Some of these skills seem to me clearly intended for distresses that are mild to moderate, not severe. They’re for distresses that recur after you’ve already dealt with the root issue — distresses that you KNOW are based on lies.
Take the half-smile, for example. Of course it’s ridiculous to think that simply smiling will solve all of your sadnesses. But I don’t think that’s the point of the skill. It’s just one small tool. For occasional no-good-reason blues, it’s a great physiological feedback tool. For deep sadnesses, it can be a very small comfort, again purely physiologically, not as if you’re pretending not to be sad. There’s no “should” or “must” about it, and it’s not about denial or stuffing.
Then there’s apparently an idea that using the skills is a matter of instant perfection, and not practice. The blogger writes about people being chewed out for mentioning their distress in group. Yikes! How can you learn distress tolerance if you can’t even mention distress? And again, distress tolerance isn’t the same thing as distress denial or not being bothered by distress at all. It’s about letting each distress be its own true self, neither making it more of a catastrophe than it is, nor minimizing it less than it is. It’s about trusting that the true self can survive, can get through, will not be destroyed by the distress.
It sounds to me like part of the issue is a matter of language and connotations. When a therapist says something like “acknowledge without attaching,” it might mean something very different to their client. Maybe the therapist means “Stay in the present, but allow yourself to feel the feelings that are coming.” Maybe the client hears “The person that experienced those feelings is not, and never was, you.”

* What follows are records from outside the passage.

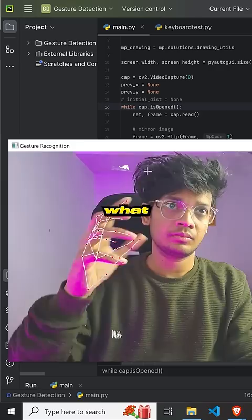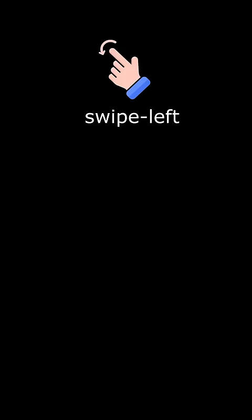I connected an extra phone as my webcam using the Camo Studio app, and I wrote a Python script. I'm using OpenCV, MediaPipe, and PyAutoGUI for keyboard automation. The script tracks both hands, identifies gestures like swipe left, swipe right, and mouse click, and automates the keyboard and mouse accordingly. The program is complete.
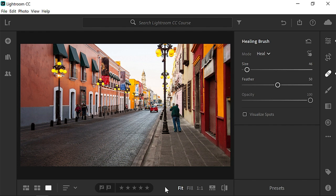Now that you know how to remove small, distracting objects from your photos in Lightroom CC, go ahead and try these techniques out on your photos.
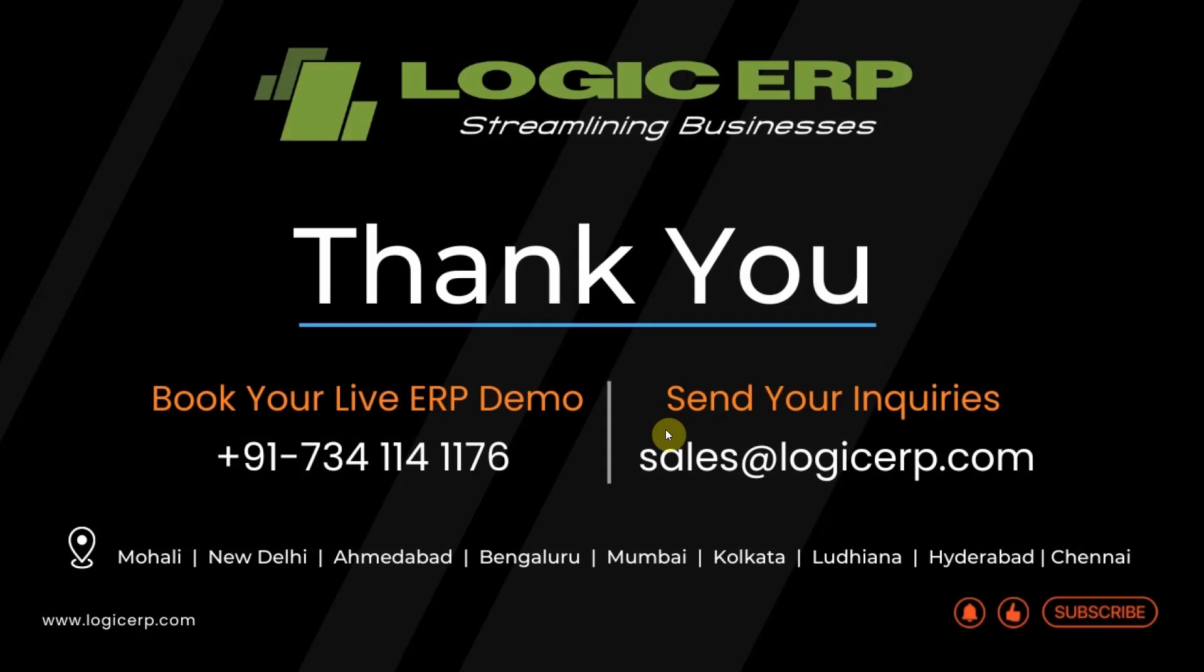I hope this video was helpful. Thanks for watching. Like, share and subscribe.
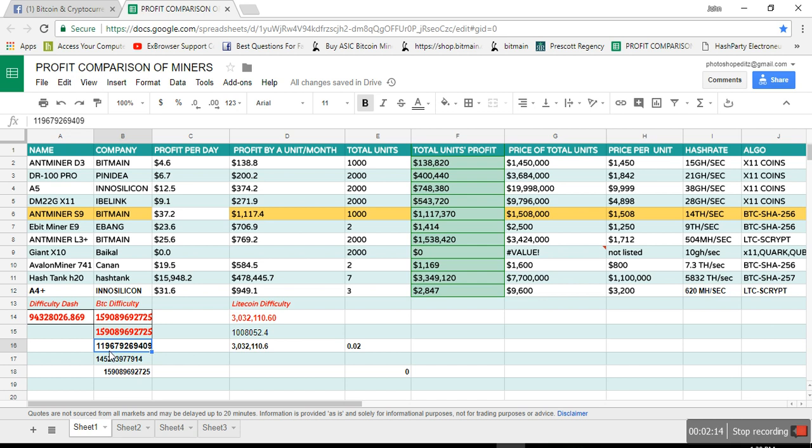As I was starting, it was like maybe 119 million for BTC or Bitcoin, then after a month or two it increased to 145 million, and now it's at 159 million. If I'm counting it right, but that's the difficulty.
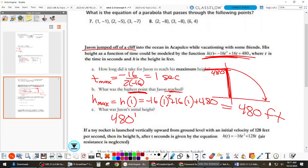What is very unrealistic about this? His initial height is 480 feet — that's jumping off something like a Denver-sized building. It never says, 'Did Jason live?' He didn't.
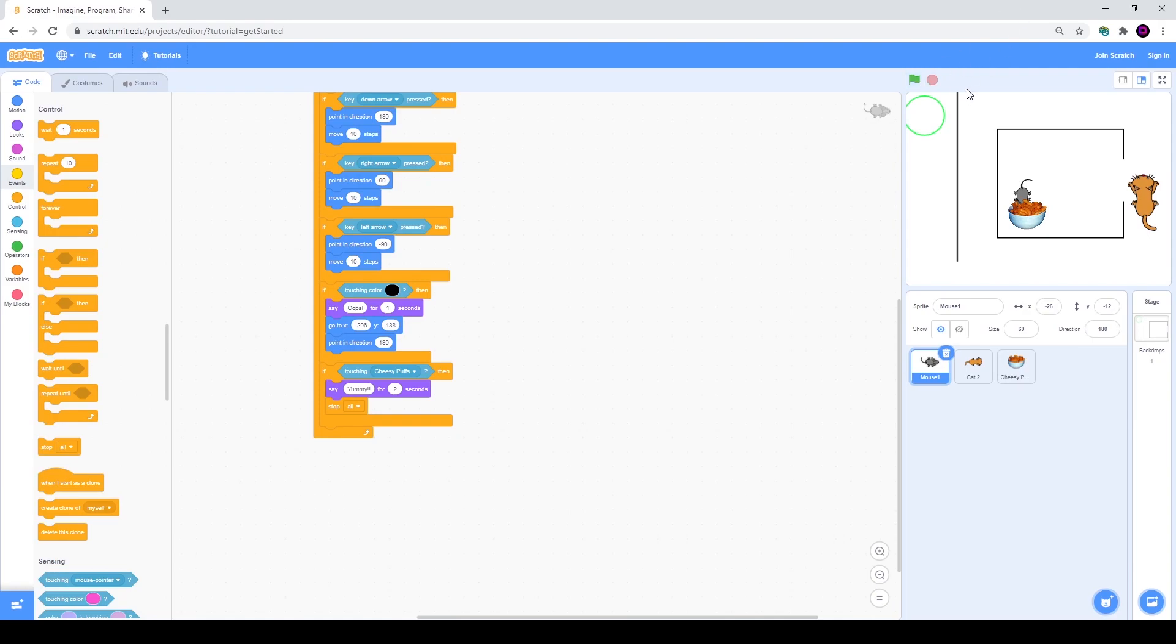Right now we are done with our first part of our maze game. Thank you very much for watching. I hope you enjoyed the video. My name is Nikita. This was ITGenio Computer School. Bye bye.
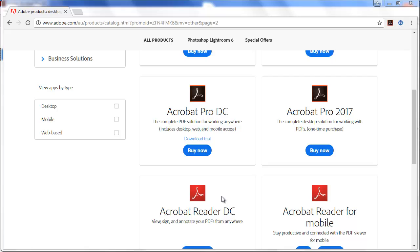What you can't do with Acrobat Reader though is create PDFs. You can convert a document, like a Word document, to create a simple PDF.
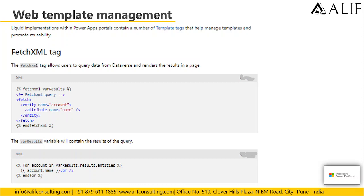The Fetch XML tag allows users to carry data from Dataverse and render the results in a page. The example shown retrieves the accounts from Dataverse and, by looping through each account, it displays the account name using a for loop inside the Liquid template code.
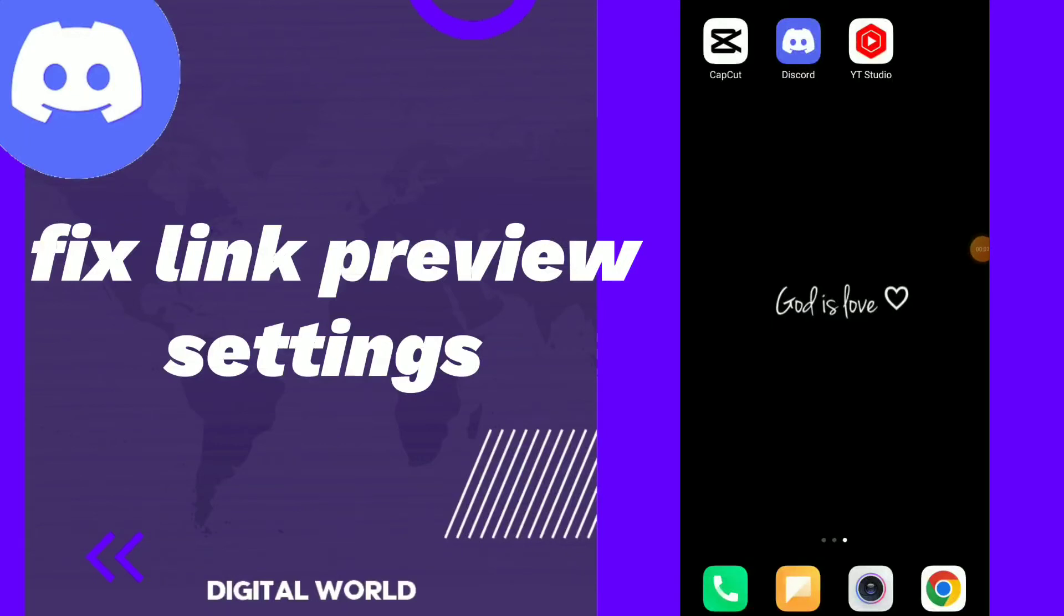Fix link preview settings. Hi guys, in this video I will show you how to fix link preview settings on your Discord app.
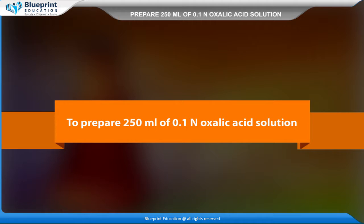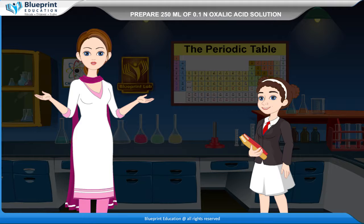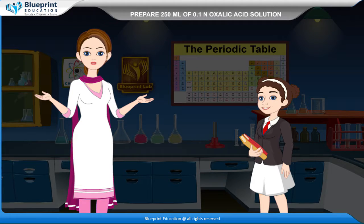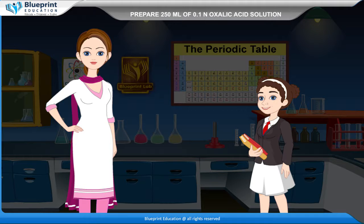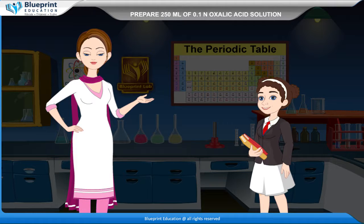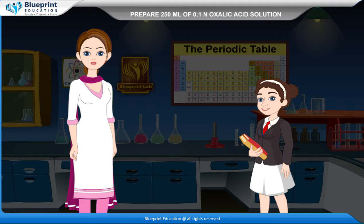To prepare 250 ml of 0.1 N oxalic acid solution. Oxalic acid is a dicarboxylic acid having molar mass 126 gram mol⁻¹. It is a primary standard and has the molecular formula COOHCOOH·2H₂O.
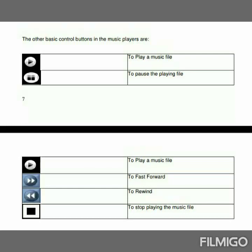Ok, dears, next let us see one by one. All of you ready? Students, see this figure. First one: to play a music file. Second one: to pause the playing file. Third one: to play a music file. And fourth one: to pause. Fifth one: to rewind the player. And last one: to stop playing the music file. Students, see this figure one by one clearly and identify each of them. These are the small concepts of control buttons in a music player.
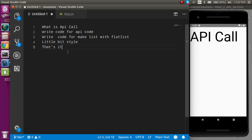Hi everyone, welcome back to my channel. My name is Anil and in this React Native video we will learn how we can call an API. These are the points that we have to do in this video.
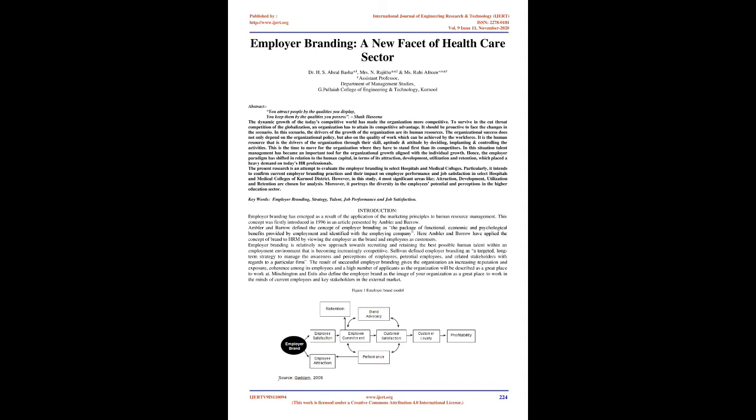Moreover, it portrays the diversity in the employees' potential and perceptions in the higher education sector. Keywords: employer branding, strategy, talent, job performance and job satisfaction.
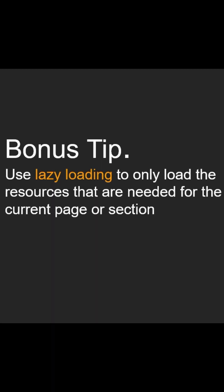And as a bonus step: use lazy loading to only load the resources that are needed for the current page or section.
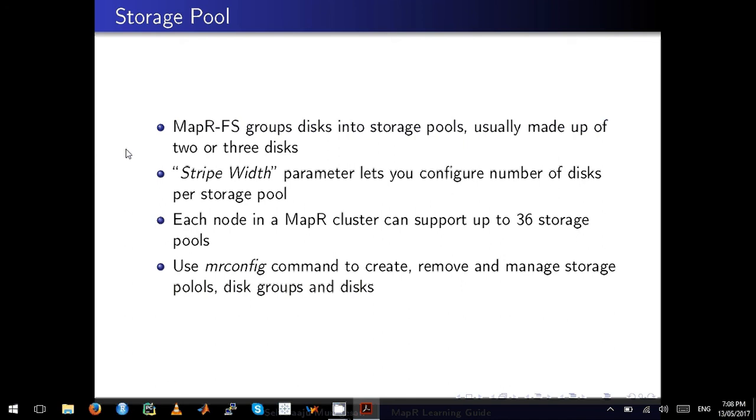Just remember, if one disk in a storage pool goes offline, the entire storage pool goes offline, which means all the data in the storage pool will get replicated somewhere else depending upon the replication factor you set and the minimum replication factor that is set for the volume.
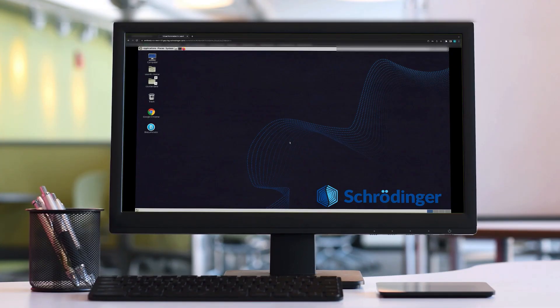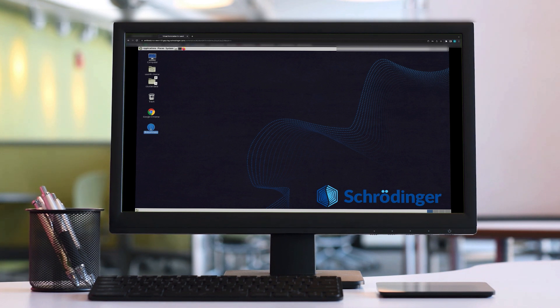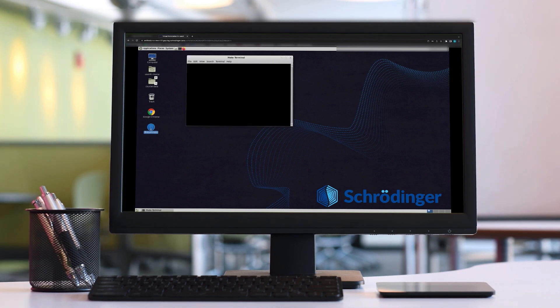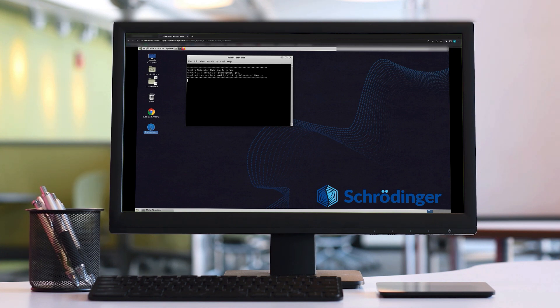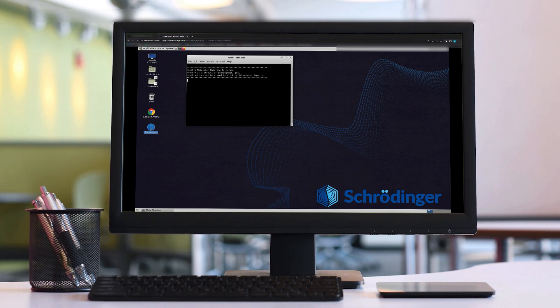Locate BioLuminate on the desktop and double-click to open. Just a note that it will be much easier to navigate and perform tasks in BioLuminate if you are using a three-button mouse with a scroll wheel, as opposed to a trackpad or trackpad mouse, such as an Apple Magic Mouse.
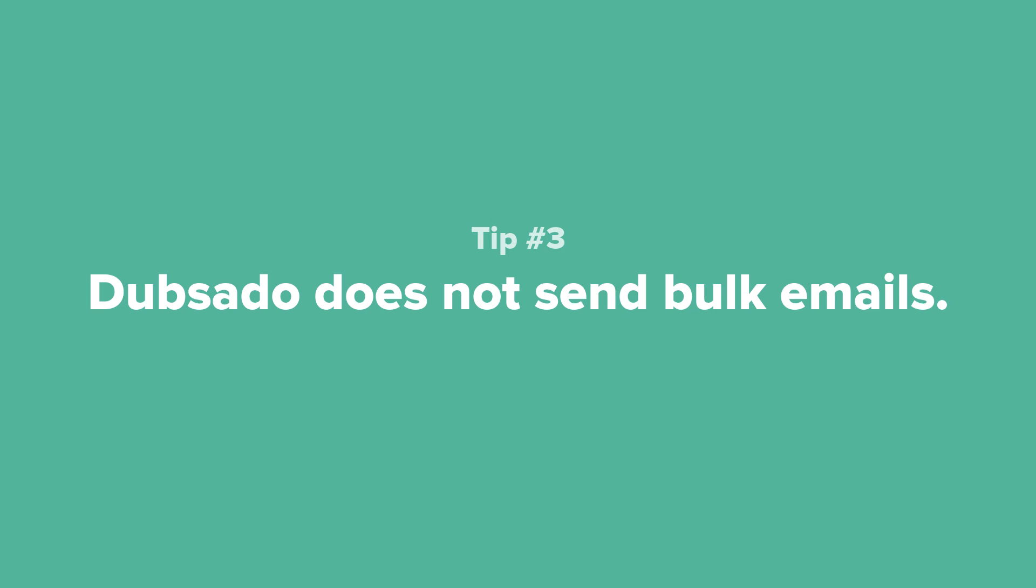Tip number three: Because we're focused on that one-on-one relationship, Dubsado is not able to send bulk emails. If part of your strategy includes sending out newsletters, we recommend a separate email marketing platform for that purpose.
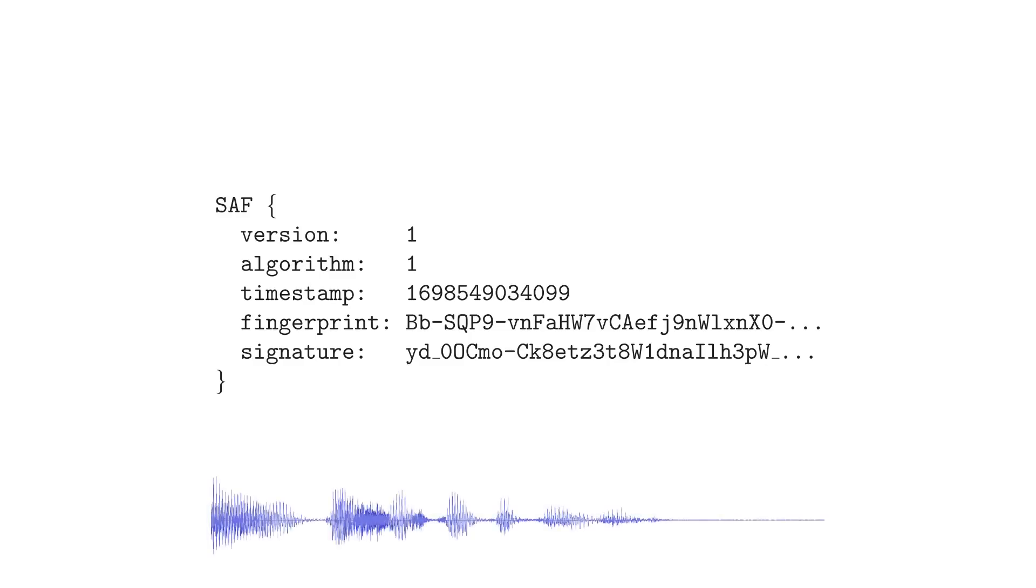Then a viewer can analyze the audio to generate the same fingerprint, and verify that it matches the fingerprint in the SAF code. And this is Deep Defender.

Suppose you’re the client and you’re experiencing distress because of something from your past. I think there are at least three possible approaches.
1) You might get sucked into the past moment as if you’re time traveling, reliving it exactly as you did in the past. In this case, there’s no sense of the present moment at all. There’s not enough separation from the past moment to observe it, listen to it, evaluate it, and respond to it. There is only reliving and reacting. I don’t think this approach can solve anything, and it seems clear that it could cause problems in the present.
2) You might push away, deny, or ignore the past moment as if nothing from the past matters anymore. This approach is even less helpful, even though it might preserve a semblance of functioning in the present. The present self grew out of the past self, and so the past DOES matter. Past experiences — especially those that haven’t been fully metabolized — will continue to exert pressure on the present self, causing all sorts of present problems.
3) What seems to me the best approach, in line with how I understand DBT and what I learned in other therapy as well, is to be present while the past moment is speaking. Don’t time travel, and don’t shut your ears. Feel the feelings, experience the experience, mindfully, neither pushing away nor clinging. Listen with compassion. Listen with your present self’s wisdom. See what the past self is saying, what the past self needs from the present self. The only way to metabolize that past moment’s feelings is to feel them — in the present.
You can’t change what happened in the past, but that doesn’t mean it’s safe to ignore the past. Ignoring the past and time-traveling into it are both ways of fighting against reality. Mindfulness is NOT saying reality is wonderful and peachy-keen, but it is accepting that reality is what it is — including the realities that this is the present, and that the past really happened and really matters.